The network covers 99.9% of the population and over 98.5% of the territory of North Macedonia.

Telekom was the first telecommunications company in the country to introduce 4G LTE, GPRS, EDGE and various converged internet and mobile services.

Prefixes that Makedonski Telekom use are:
070 (+389 70);
071 (+389 71);
072 (+389 72).

On March 28, 2024, Makedonski Telekom announced through their social networks that by the end of April 2024, the 3G network will be shut down in order to use the potential for better connectivity, higher speeds, better quality service for users, and better energy efficiency.

===Fixed line operator===

The company provides fixed line services through VoIP and has various plans.

All analog fixed equipment was shut down and transferred to ADSL-based VoIP, making North Macedonia among the first countries to transfer to a completely digital fixed phone system. Taking into consideration that fixed phones are going mostly unnoticed and unused, this allowed Telekom to reduce its maintenance costs for the old analog technology, and provide cheaper and calls through the old medium (most notably unlimited nationwide calls through most of their 2 play and 3 play offers, and some free international call allowances at the highest tiers)

===Internet provider===

Telekom offers a portfolio of Internet protocol-based services, data communications services, equipment sale and lease, and systems integration services. Makedonski Telekom endeavours to modernize its network and reach a high technological level.
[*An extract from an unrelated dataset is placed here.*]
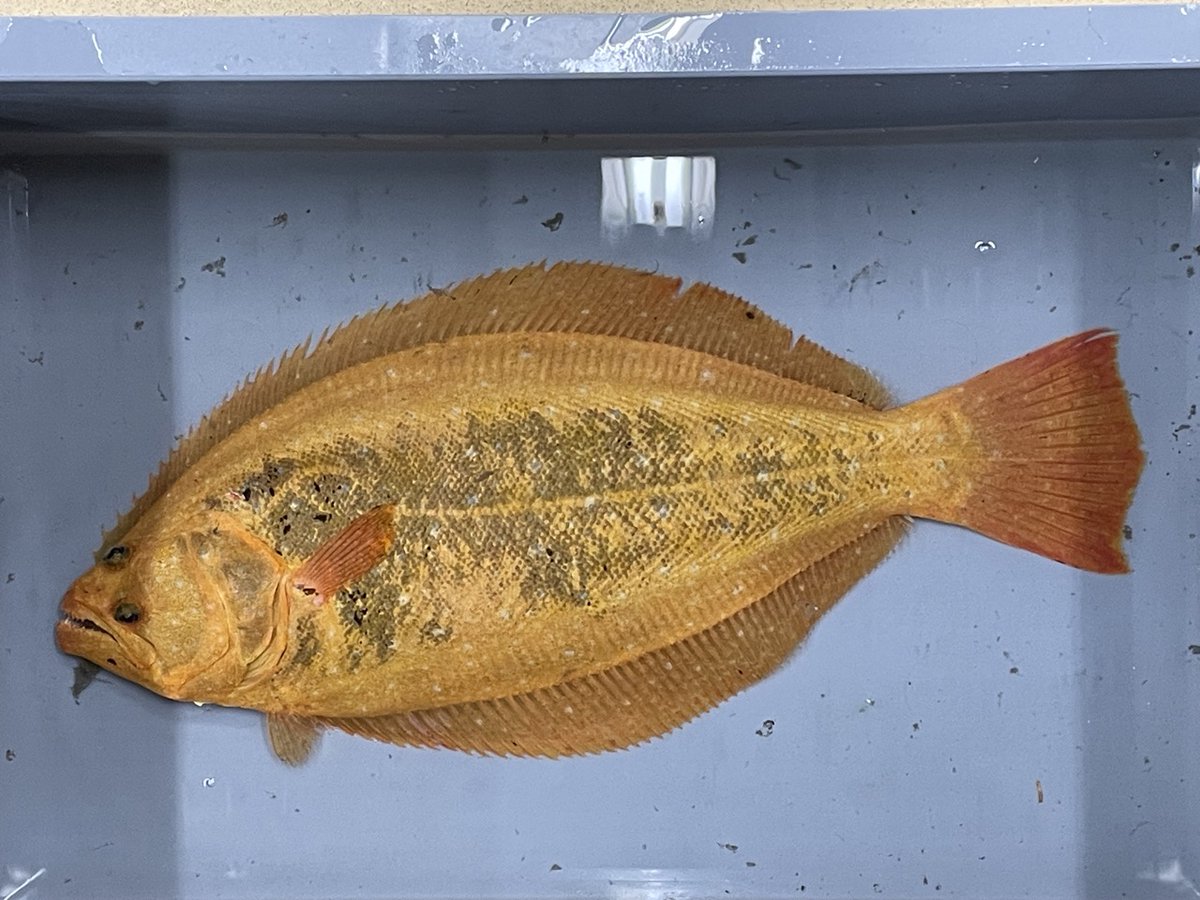 ❤️高品質のレアな深海島アクアマリン❤️ 天然アクアマリン 1.93ct 【煌めくアクアブルー】 上質 マダガスカル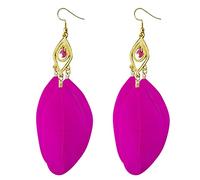 HHRLCHX Star Stud Earrings Style Earrings Retro Fashion Leaves Long Feather Earrings Beach Holiday Style Female Earrings Stone Earrings for Women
Modernization of the network infrastructure with the implementation of optical cables up to the end users, known as fiber-to-the-home (FTTH) is one of the main focuses. By the end of 2012, 88.068 FTTH homes passed, and 12.333 were connected to optic in several major cities such as Skopje, Kumanovo, Stip, Strumica, Ohrid, Gostivar. In November 2011, Makedonski Telekom started a project for modernization of the network through a new fully internet-based multimedia platform of the new generation. The IMS Platform is used for the provision of VoIP as part of the 2Play and 3Play services and as a base for the PSTN network migration towards the all-IP network. In less than nine months, as of November 2011 until June 2012, 100,000 Telekom users already used the new platform, i.e. were migrated on it. This platform replaces the existing digital telephone exchanges and is a preparation for the services of the new generation and the unlimited communication possibilities offered by the internet. In February 2014 Deutsche Telekom revealed that its subsidiary Makedonski Telekom had become the first European incumbent to convert its PSTN infrastructure to an all IP network. It took just over two years for all 290,000 fixed lines to be migrated onto the new platform. The capital investment worth 14 million euros makes North Macedonia the first country in the South-East Europe whose network will be fully based on Internet protocol.

===IP television===

Telekom IPTV was launched in November 2008 branded as MaxTV as the first digital TV offer for customers in the Republic of Macedonia. MaxTV offers +150 (HD/SD) TV channels and interactive services via the IPTV platform. MaxTV is used by near 100,000 households.

==Wiretapping scandal and aftermath==

A large-scale wiretapping scandal shaked the Republic of Macedonia in 2015.
High politicians and employees of the Security and Counterespionage Agency were charged with abusing their position.
Macedonian Special Prosecution declared that Makedonski Telekom failed to cooperate with the investigation.
In the aftermath Deutsche Telekom ordered Magyar Telekom to conduct an internal investigation. The internal investigation's findings were not made public.